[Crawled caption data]
★ ★ ★ ★

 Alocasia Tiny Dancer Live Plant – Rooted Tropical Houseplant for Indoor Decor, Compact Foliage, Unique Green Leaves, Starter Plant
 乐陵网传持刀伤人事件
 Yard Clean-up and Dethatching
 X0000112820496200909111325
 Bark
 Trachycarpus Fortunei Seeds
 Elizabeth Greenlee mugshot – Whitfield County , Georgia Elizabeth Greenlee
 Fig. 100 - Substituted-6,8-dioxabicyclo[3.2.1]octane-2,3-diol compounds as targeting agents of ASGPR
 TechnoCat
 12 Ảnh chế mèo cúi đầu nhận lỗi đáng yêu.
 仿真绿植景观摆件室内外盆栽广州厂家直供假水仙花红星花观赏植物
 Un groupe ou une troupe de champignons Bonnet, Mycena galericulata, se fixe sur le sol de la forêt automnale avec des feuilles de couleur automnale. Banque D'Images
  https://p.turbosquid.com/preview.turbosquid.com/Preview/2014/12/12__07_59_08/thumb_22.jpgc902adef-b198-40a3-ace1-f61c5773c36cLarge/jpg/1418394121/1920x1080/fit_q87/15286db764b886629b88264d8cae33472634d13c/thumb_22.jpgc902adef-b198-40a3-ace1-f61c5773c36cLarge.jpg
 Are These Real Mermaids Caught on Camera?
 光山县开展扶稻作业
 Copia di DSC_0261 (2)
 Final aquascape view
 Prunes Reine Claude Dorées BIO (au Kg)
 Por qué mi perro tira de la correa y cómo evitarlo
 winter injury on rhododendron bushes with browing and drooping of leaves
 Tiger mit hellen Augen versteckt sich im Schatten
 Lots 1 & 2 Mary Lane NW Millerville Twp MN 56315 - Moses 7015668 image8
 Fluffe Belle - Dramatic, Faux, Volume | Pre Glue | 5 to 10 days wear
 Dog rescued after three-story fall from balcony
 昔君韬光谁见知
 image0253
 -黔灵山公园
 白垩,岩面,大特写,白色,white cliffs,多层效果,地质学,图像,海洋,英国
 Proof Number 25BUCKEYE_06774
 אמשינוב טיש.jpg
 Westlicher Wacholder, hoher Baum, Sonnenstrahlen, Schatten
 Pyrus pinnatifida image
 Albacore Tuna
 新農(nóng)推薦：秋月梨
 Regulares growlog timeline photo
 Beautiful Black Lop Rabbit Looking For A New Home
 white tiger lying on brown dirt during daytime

★ ★ ★ ★

> [WORK INSTRUCTIONS]: Copy the data above in its entirety, exactly as given.

> [SOLUTION BELOW]:
 Alocasia Tiny Dancer Live Plant – Rooted Tropical Houseplant for Indoor Decor, Compact Foliage, Unique Green Leaves, Starter Plant
 乐陵网传持刀伤人事件
 Yard Clean-up and Dethatching
 X0000112820496200909111325
 Bark
 Trachycarpus Fortunei Seeds
 Elizabeth Greenlee mugshot – Whitfield County , Georgia Elizabeth Greenlee
 Fig. 100 - Substituted-6,8-dioxabicyclo[3.2.1]octane-2,3-diol compounds as targeting agents of ASGPR
 TechnoCat
 12 Ảnh chế mèo cúi đầu nhận lỗi đáng yêu.
 仿真绿植景观摆件室内外盆栽广州厂家直供假水仙花红星花观赏植物
 Un groupe ou une troupe de champignons Bonnet, Mycena galericulata, se fixe sur le sol de la forêt automnale avec des feuilles de couleur automnale. Banque D'Images
  https://p.turbosquid.com/preview.turbosquid.com/Preview/2014/12/12__07_59_08/thumb_22.jpgc902adef-b198-40a3-ace1-f61c5773c36cLarge/jpg/1418394121/1920x1080/fit_q87/15286db764b886629b88264d8cae33472634d13c/thumb_22.jpgc902adef-b198-40a3-ace1-f61c5773c36cLarge.jpg
 Are These Real Mermaids Caught on Camera?
 光山县开展扶稻作业
 Copia di DSC_0261 (2)
 Final aquascape view
 Prunes Reine Claude Dorées BIO (au Kg)
 Por qué mi perro tira de la correa y cómo evitarlo
 winter injury on rhododendron bushes with browing and drooping of leaves
 Tiger mit hellen Augen versteckt sich im Schatten
 Lots 1 & 2 Mary Lane NW Millerville Twp MN 56315 - Moses 7015668 image8
 Fluffe Belle - Dramatic, Faux, Volume | Pre Glue | 5 to 10 days wear
 Dog rescued after three-story fall from balcony
 昔君韬光谁见知
 image0253
 -黔灵山公园
 白垩,岩面,大特写,白色,white cliffs,多层效果,地质学,图像,海洋,英国
 Proof Number 25BUCKEYE_06774
 אמשינוב טיש.jpg
 Westlicher Wacholder, hoher Baum, Sonnenstrahlen, Schatten
 Pyrus pinnatifida image
 Albacore Tuna
 新農(nóng)推薦：秋月梨
 Regulares growlog timeline photo
 Beautiful Black Lop Rabbit Looking For A New Home
 white tiger lying on brown dirt during daytime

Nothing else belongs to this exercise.